The daughter of a veteran LAPD sergeant, Yanez reported the car stolen to the Huntington Park police the next day. However, an alert HPPD officer put two-and-two together after seeing news reports of the collision, and contacted Gardena police to report Yanez as a suspect.
Her car was found, complete with shattered windshield, still at the home she shared with her father, less than a mile from the scene of the collision. KNBC-4 later reported she told police she had been drinking before the wreck; if true, fleeing the scene would have given her time to sober up before her arrest.
She was arrested on suspicion of manslaughter, perjury, filing a false police report and felony hit-and-run.
Gardena police initially said her father, Sgt. Arturo Yanez, could face charges if it was shown that he had knowledge of his daughter’s actions or was involved in the attempted cover-up. No such charges were ever filed, though, even though it’s hard to understand how such an experienced officer would be unaware of what was happening under his own roof.
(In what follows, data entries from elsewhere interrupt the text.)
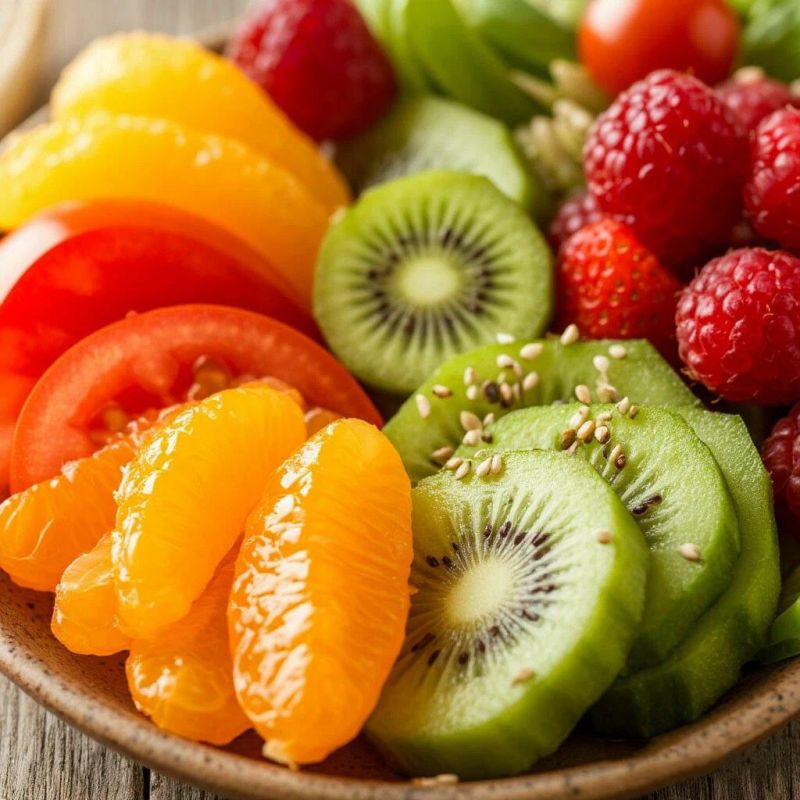 Летние пикники: легкие и вкусные перекусы для идеального отдыха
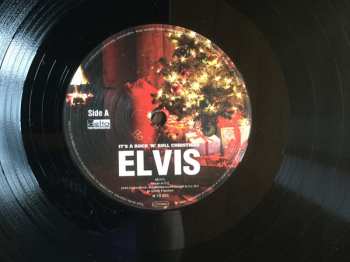 LP Elvis Presley: It's a Rock 'n' Roll Christmas 57621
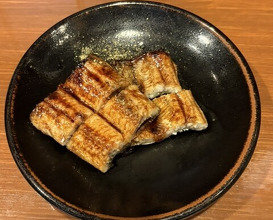 Dinner at Ikewanagi no Mise Tsugumi An (活鰻の店 つぐみ庵)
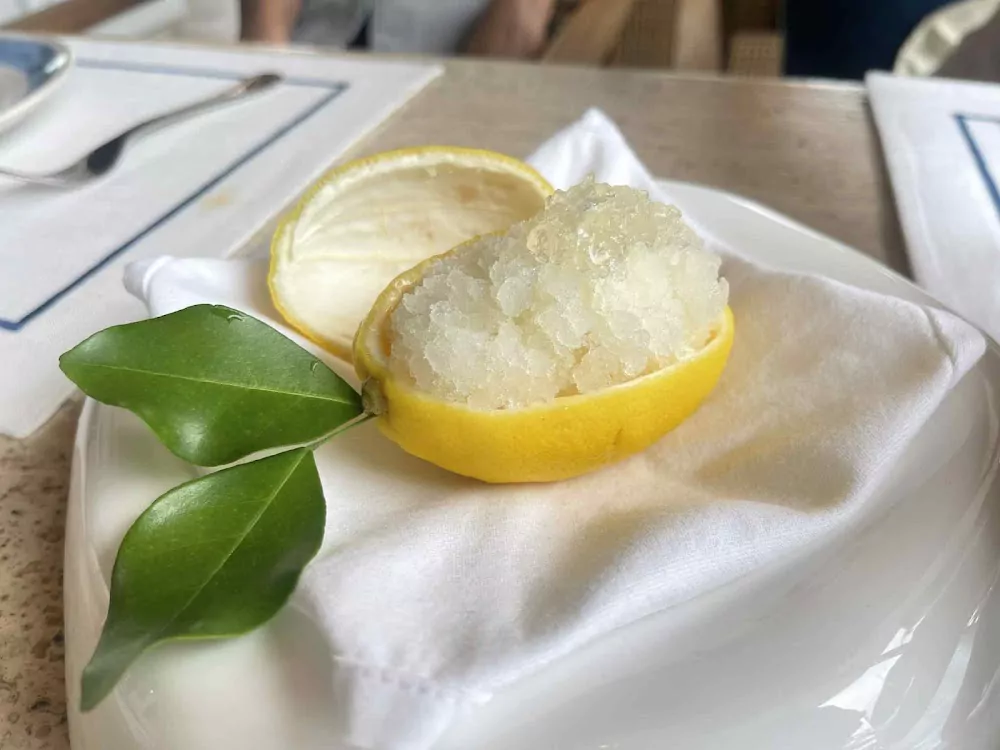 Bang Tao, La Crique find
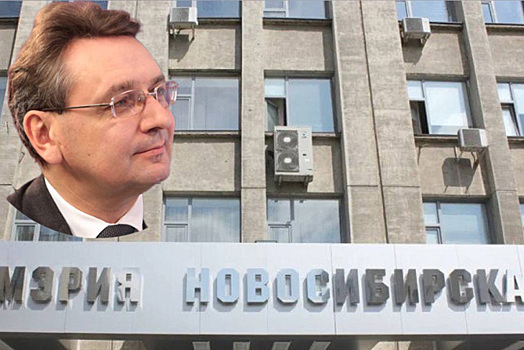 Уволившийся из мэрии Новосибирска Жигульский задержан за коррупцию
There were also reports that he could face an internal investigation with the LAPD; however, such investigations are considered personnel matters, and the results are unlikely to ever be made public.
Today, the LA District Attorney’s office announced (pdf) that Vanessa Yanez had changed her plea to no contest on three counts — a felony charge of leaving the scene of an accident, felony perjury, and misdemeanor vehicular manslaughter. She is expected to be sentenced to two years in state prison on September 25th.
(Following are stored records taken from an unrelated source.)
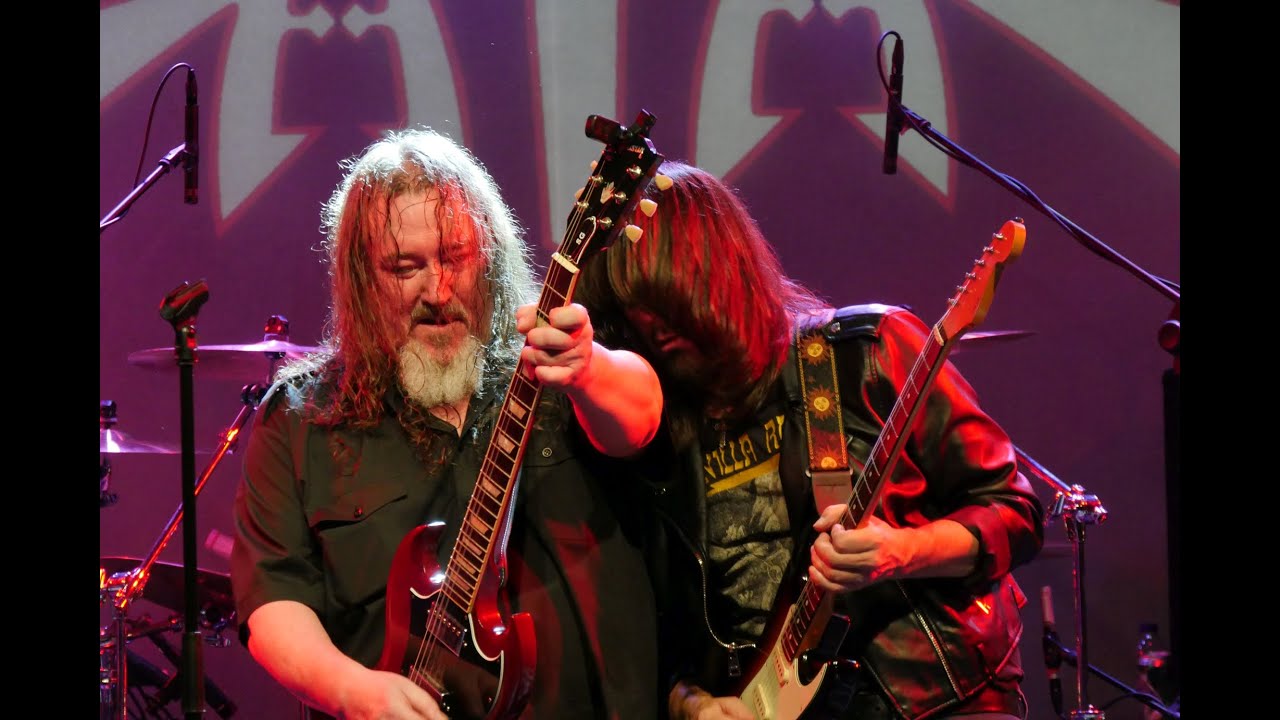 Satan - Ascendancy / Burning Portrait [Into Battle Festival Vol.VI]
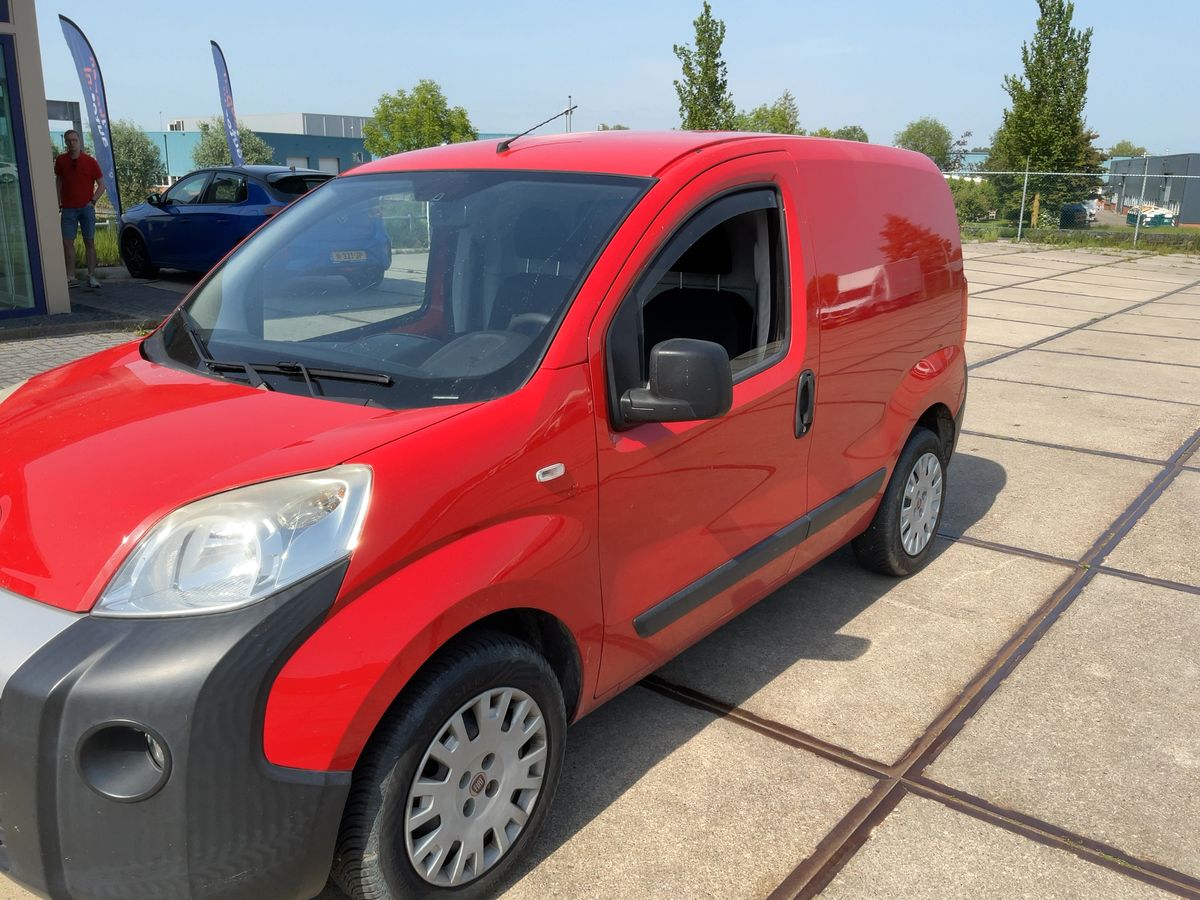 Fiat Fiorino d'occasion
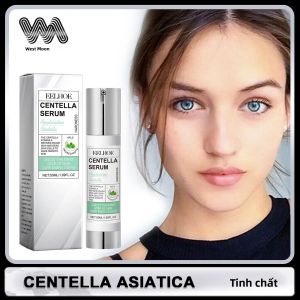 Tinh Chất Dưỡng Da Mặt Centella Làm Trẻ Hóa Làm Sáng Da Se Khít Lỗ Chân Lông Phục Hồi Da Đỏ Dưỡng Ẩm Làm Dịu Da Phù Hợp Với Mọi Loại Da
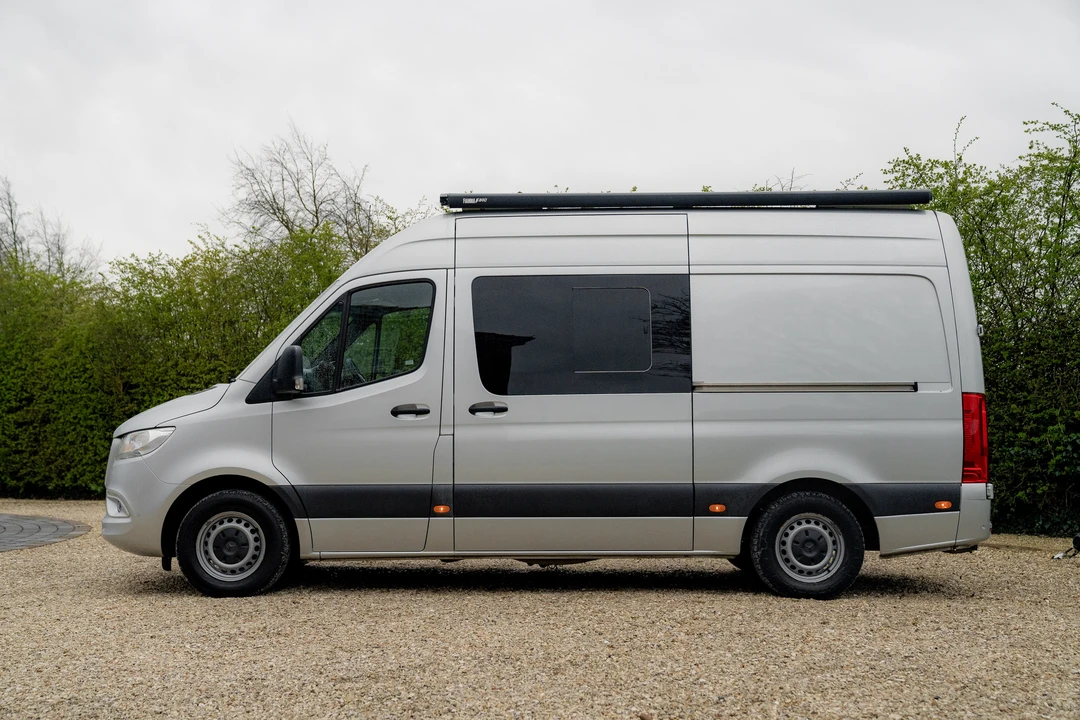 2019 Mercedes-Benz VS30 Sprinter - Image 8 of 31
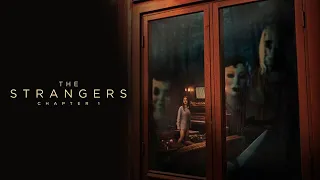 The Strangers: Chapter 1 (2024) Movie || Madelaine Petsch, Froy Gutierrez || Review and Facts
The sentence seems light under the circumstances, suggesting she accepted a plea deal in exchange for a lighter sentence, as usually happens in traffic cases.
However, light sentences do little to stem the epidemic of hit-and-runs. And her sentence would have undoubtedly been much stiffer if it could have been shown that she was under the influence when she hit Dotson.
Which is just one more reason why the penalty for hit-and-run should be stiffened to match the penalties for drunk driving and remove the incentive for intoxicated drivers to flee the scene.
Correction: This story initially said Yanez had pled guilty; it has been amended to reflect her actual plea of no contest.